### TASK INSTRUCTIONS
Transcribe all the entries word for word, omitting any pictures they contain.

### SOURCE RECORDS
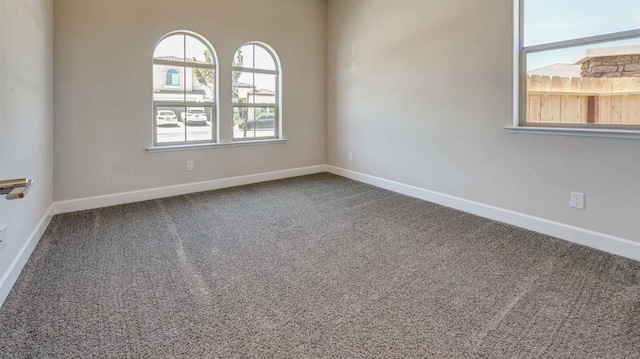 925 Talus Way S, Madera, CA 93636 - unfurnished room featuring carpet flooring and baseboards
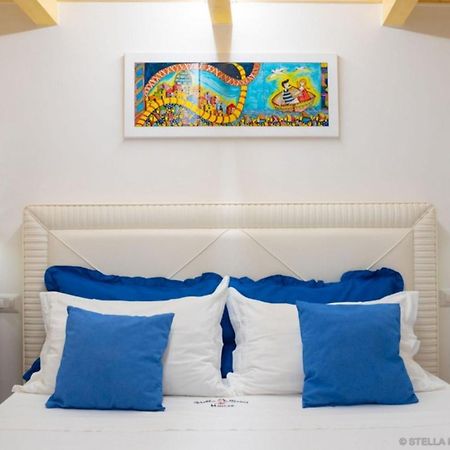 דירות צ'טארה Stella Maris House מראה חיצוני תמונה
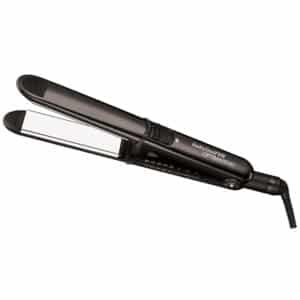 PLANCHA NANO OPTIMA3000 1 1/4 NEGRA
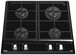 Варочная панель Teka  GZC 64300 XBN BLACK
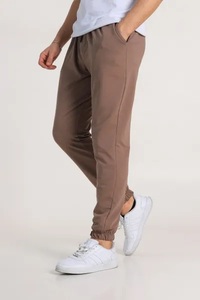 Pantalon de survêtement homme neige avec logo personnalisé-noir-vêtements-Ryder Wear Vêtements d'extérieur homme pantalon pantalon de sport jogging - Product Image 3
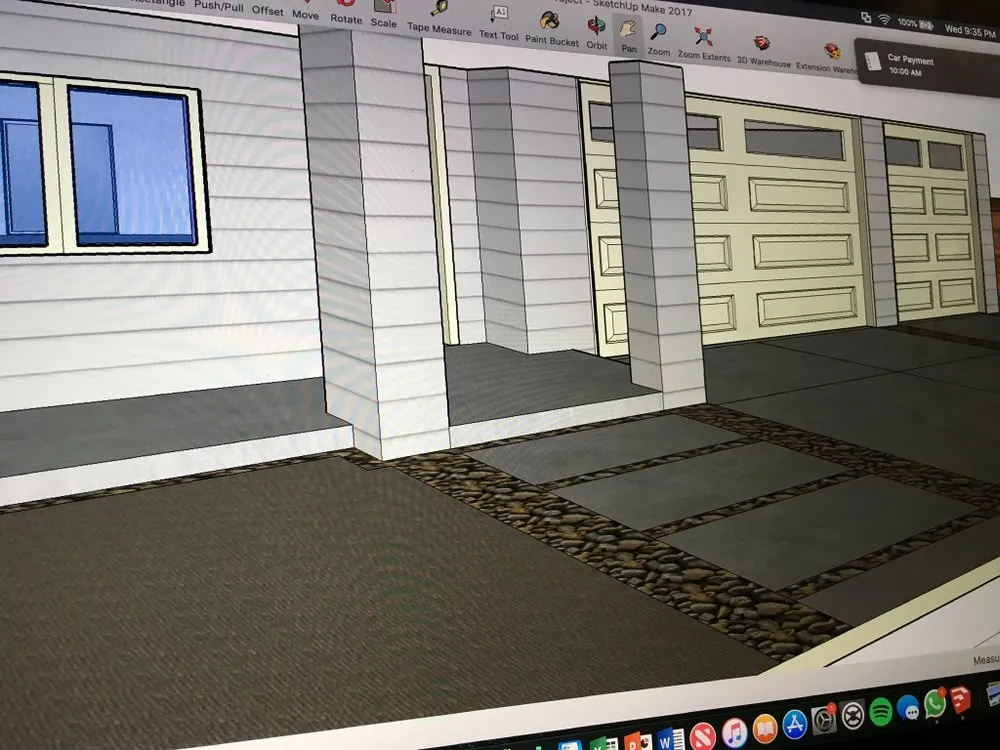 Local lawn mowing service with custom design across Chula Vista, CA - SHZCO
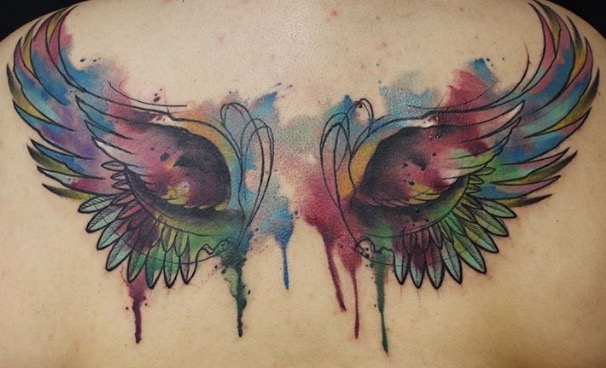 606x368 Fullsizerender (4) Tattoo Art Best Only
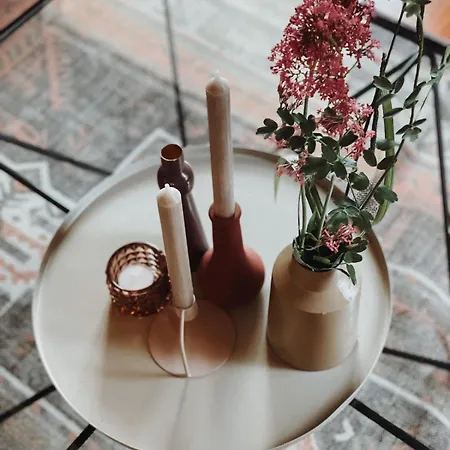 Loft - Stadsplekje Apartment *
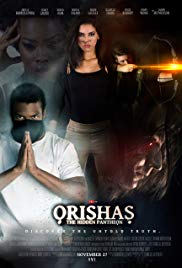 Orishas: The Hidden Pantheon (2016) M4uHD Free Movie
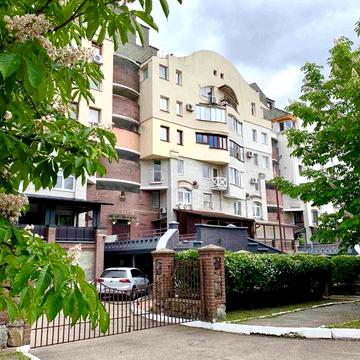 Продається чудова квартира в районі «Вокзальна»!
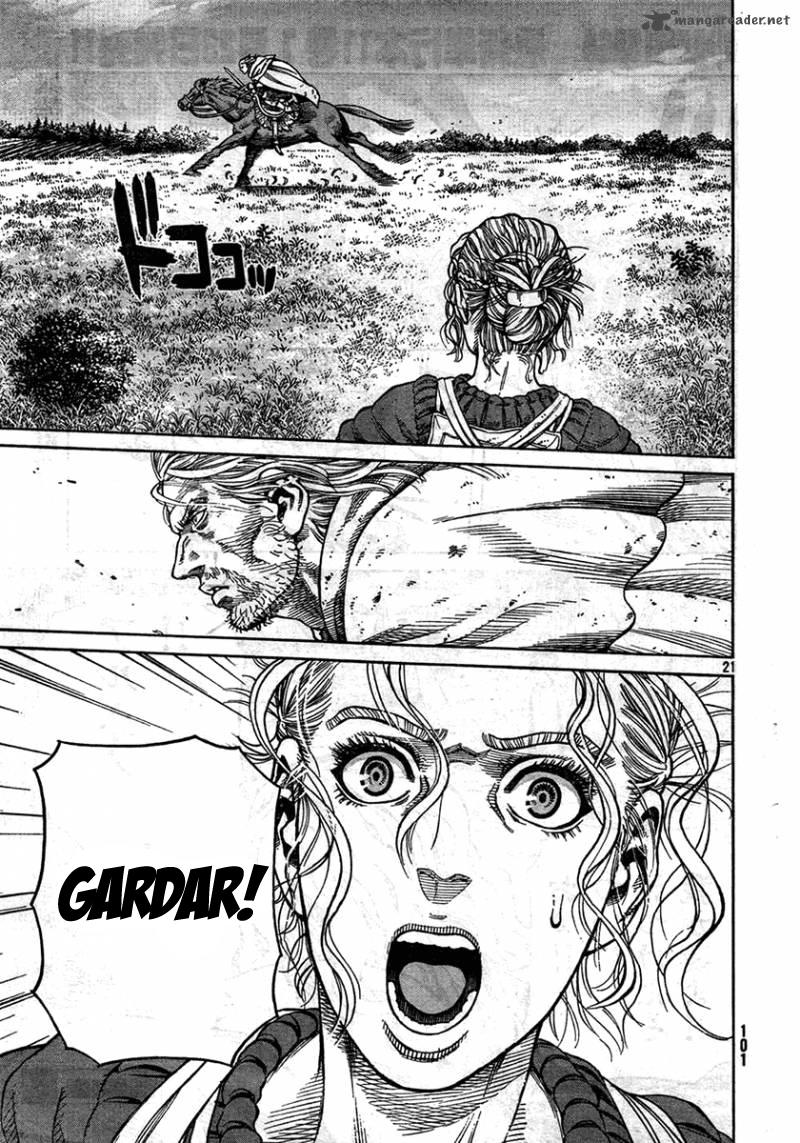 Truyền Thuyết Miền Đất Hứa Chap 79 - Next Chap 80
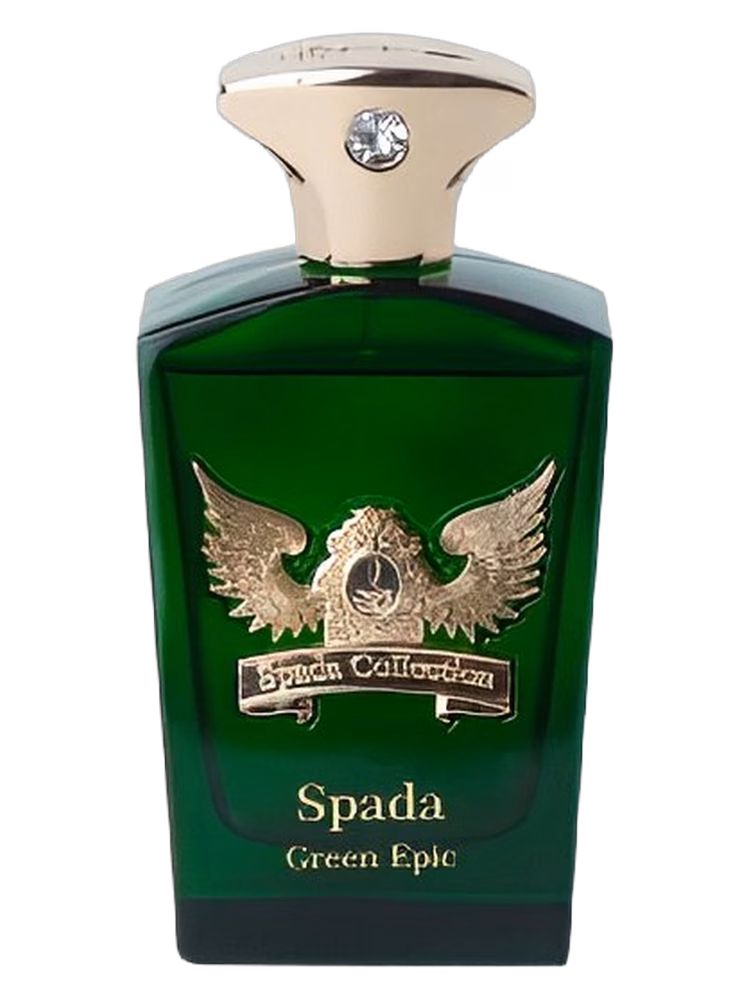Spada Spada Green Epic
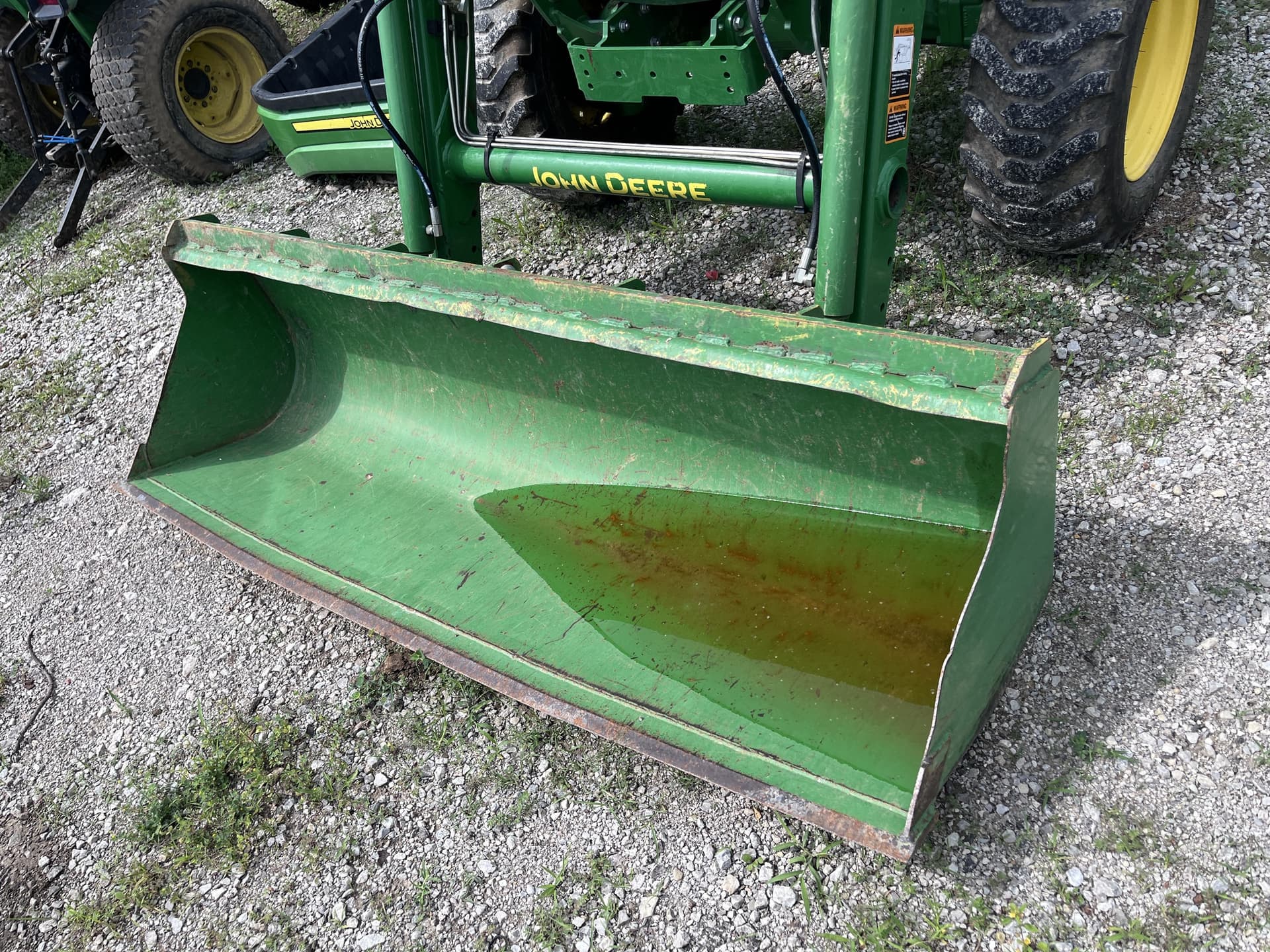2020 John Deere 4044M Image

### COMPLETED EXERCISE
 925 Talus Way S, Madera, CA 93636 - unfurnished room featuring carpet flooring and baseboards
 דירות צ'טארה Stella Maris House מראה חיצוני תמונה
 PLANCHA NANO OPTIMA3000 1 1/4 NEGRA
 Варочная панель Teka  GZC 64300 XBN BLACK
 Pantalon de survêtement homme neige avec logo personnalisé-noir-vêtements-Ryder Wear Vêtements d'extérieur homme pantalon pantalon de sport jogging - Product Image 3
 Local lawn mowing service with custom design across Chula Vista, CA - SHZCO
 606x368 Fullsizerender (4) Tattoo Art Best Only
 Loft - Stadsplekje Apartment *
 Orishas: The Hidden Pantheon (2016) M4uHD Free Movie
 Продається чудова квартира в районі «Вокзальна»!
 Truyền Thuyết Miền Đất Hứa Chap 79 - Next Chap 80
Spada Spada Green Epic
2020 John Deere 4044M Image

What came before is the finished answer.